Advantages: Faster rollback (just flip the flag), no infrastructure changes, can target specific user segments.

Disadvantages: Code complexity (branching logic), stale flags become tech debt, doesn't catch infrastructure issues.

Rollback Criteria and Process

Automated Rollback Triggers

Define these thresholds BEFORE deployment. When any trigger fires, rollback begins automatically.

Metric	Threshold	Action
Error rate (5xx)	>2x baseline for 5 min	Auto-rollback
P95 latency	>3x baseline for 5 min	Auto-rollback
Health check	3 consecutive failures	Auto-rollback
Crash rate (mobile)	>0.5%	Auto-rollback
Error budget	>50% burned in 1 hour	Auto-rollback

Manual Rollback Triggers

These require human judgment but should have clear guidelines:

Customer-reported critical issue — Multiple users reporting the same problem
Data integrity concern — Evidence of corrupted or incorrect data
Security vulnerability discovered — Active exploitation or high-severity CVE
Monitoring blind spots — You realize you can't monitor a critical metric for the new feature
On-call engineer judgment — The on-call engineer always has authority to trigger a rollback

Rollback Procedure

Step 1: Decide (< 2 minutes)

Is the trigger automated or manual?
If manual: does the issue meet rollback criteria? If yes, proceed. Don't debate.

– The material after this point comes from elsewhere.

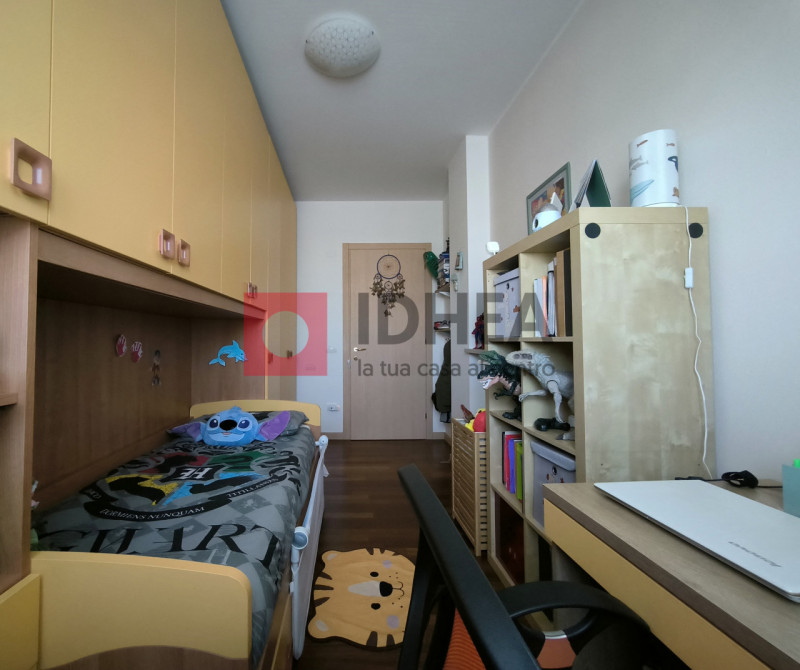 PAESE

In zona ricca di servizi raggiungibili a piedi quali centro commerciale, supermercati, fer...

Step 2: Execute rollback (< 5 minutes)

Code rollback: Revert to the previous deployment (re-deploy previous image/artifact)
Feature flag rollback: Disable the feature flag (fastest option if available)
Database rollback: Run backward migration if applicable. If migration is irreversible, skip this step and handle data separately
Cache invalidation: Clear CDN and application caches if the old version would serve stale/incorrect data

Step 3: Verify (< 5 minutes)

Run production smoke tests
Verify error rate returns to baseline
Check that the rolled-back version serves correctly

Step 4: Communicate (< 10 minutes)

Notify the release channel: "Release X.Y.Z rolled back due to [reason]. Investigating."
Update status page if user-facing impact occurred
Brief the support team

Step 5: Investigate (next business day)

Root cause analysis
Write a regression test that would have caught the issue
Update the go/no-go checklist if a check was missing
Schedule the fix and re-release

Data Considerations

When a migration can't be rolled back:

Forward-fix: Deploy a fix on top of the current (broken) version instead of rolling back
Dual-write: During migration, write to both old and new schemas; rollback drops the new writes
Shadow migration: Migrate in the background, validate, then cut over. Rollback just stops the cutover
Point-in-time recovery: Restore database from backup (last resort, causes data loss for changes since backup)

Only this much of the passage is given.